Aristote. — Cette question vous a embarrassé, je le vois bien.

Descartes. — Mon principe fondamental est que nous ne voyons faire aux bêtes que des mouvements où l’on n’a besoin que de la machine.

Aristote. — Quoi ! quand un chien a perdu son maître et qu’il est dans un carrefour où il y a trois chemins, après avoir senti les deux premiers inutilement il prend le troisième sans hésiter : en vérité, je ne vois pas que la simple machine puisse faire cela.

Descartes. — Je vous ai déjà dit que ces détails étaient de si petite conséquence qu’on ne se donne point la peine de les approfondir. Mais venons aux principes : les animaux sont de simples machines, ou bien ils ont une âme matérielle ou une spirituelle.

Aristote. — Pour la machine et l’âme spirituelle, je le nie.

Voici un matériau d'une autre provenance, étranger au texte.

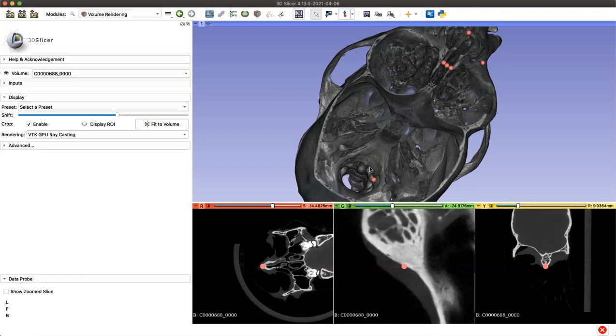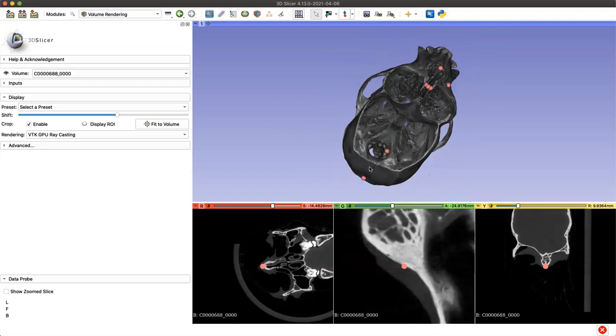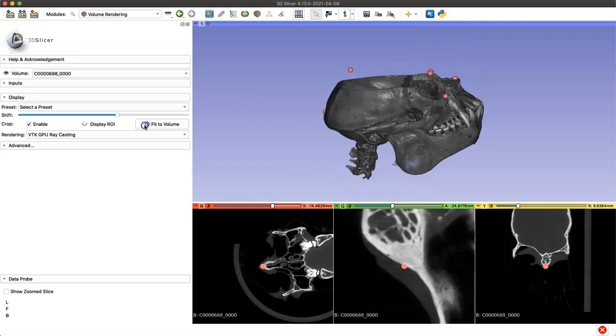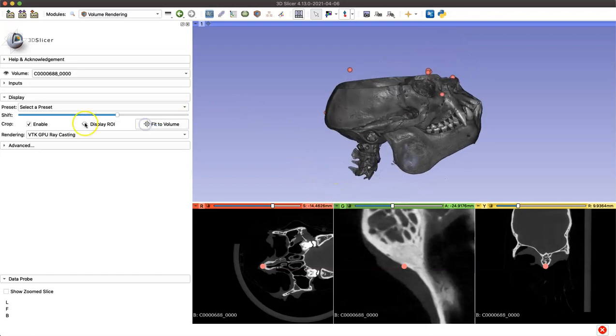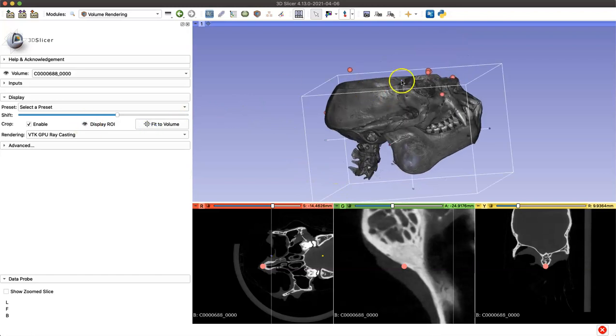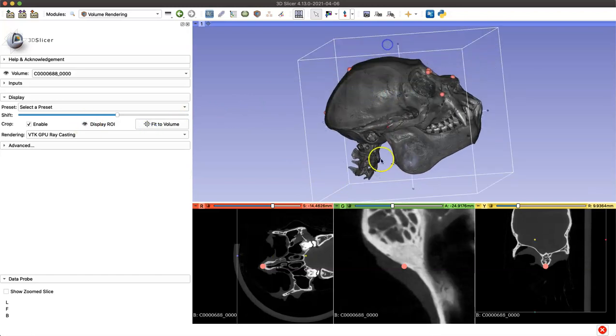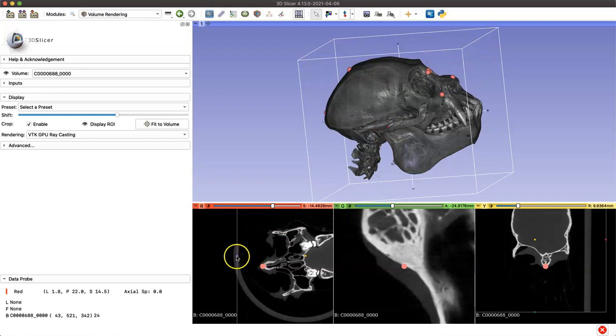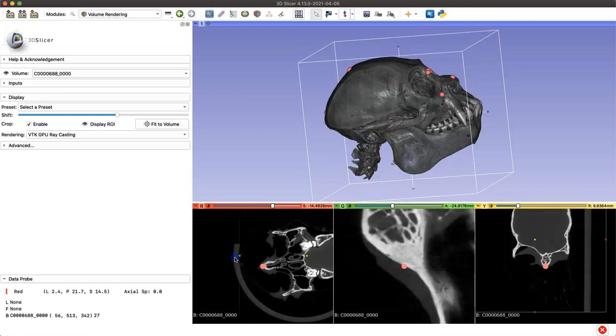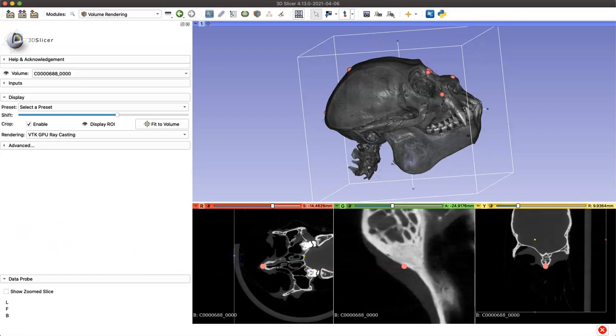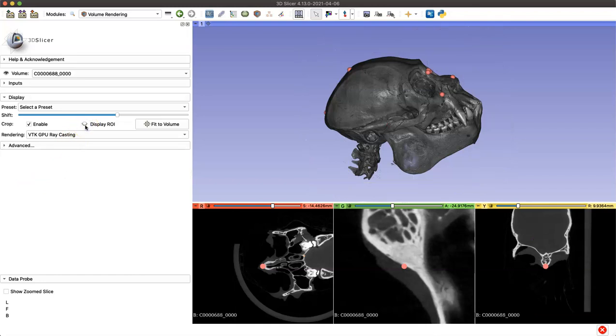You can also do this in 2D space in your slices below. If your ROI box is turned on, then you can adjust it in the slices below as well. The last tip I'm going to show you today before we learn how to save our landmarks is in the markups module. I'm going to turn off my display ROI and navigate there.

Descartes. — Vous revenez donc à l’âme matérielle ?

Aristote. — Elle est bien plus probable que la simple machine ; et pour l’âme spirituelle, je crois qu’elle n’a été accordée qu’aux seuls hommes.

Descartes. — J’ai gagné un grand point : n’est-il pas vrai que la matière ne pense pas ?

Aristote. — Non.

Descartes. — Puisque la matière ne pense pas, comment voulez-vous donc qu’elle soit une âme qui n’est faite que pour penser ?

Aristote. — Eh bien ! ôtons-en la matière.

Descartes. — La voilà devenue âme spirituelle.

Aristote. — J’avoue que cette forme matérielle n’est qu’un pur galimatias et que je ne l’ai voulu soutenir que parce que mes écoliers l’enseignent ainsi : mais, en revenant à votre Être infini et tout-puissant, nous devons conclure qu’il a pu donner aux animaux une âme spirituelle et les a pu faire aussi de simples machines ; mais que, comme l’esprit des hommes est borné, il ne peut pas pénétrer jusqu’à cette science.

Descartes. — Vous voilà tombé dans la possibilité, et c’est une carrière où il est facile de s’étendre. Dans cette possibilité vous trouverez les choses de raison, les hircocerfs, les hippocentaures, et mille autres figures bizarres.

Aristote. — Vous, vous voudriez bien m’éloigner de la métaphysique, et me faire tomber sur les êtres de raison, qui font partie de la logique.

Descartes. — Vous tâchez de m’éblouir par vos vaines raisons.

Aristote. — Avouez, mon pauvre Descartes, que nous n’entendons guère tous deux ce que nous disons, et que nous plaidons une cause bien embrouillée.

Descartes. — Embrouillée ! je prétends qu’il n’y a rien de plus clair que la mienne.

Aristote. — Croyez-moi, ne disputons pas davantage ; nous y perdrions tous deux notre latin.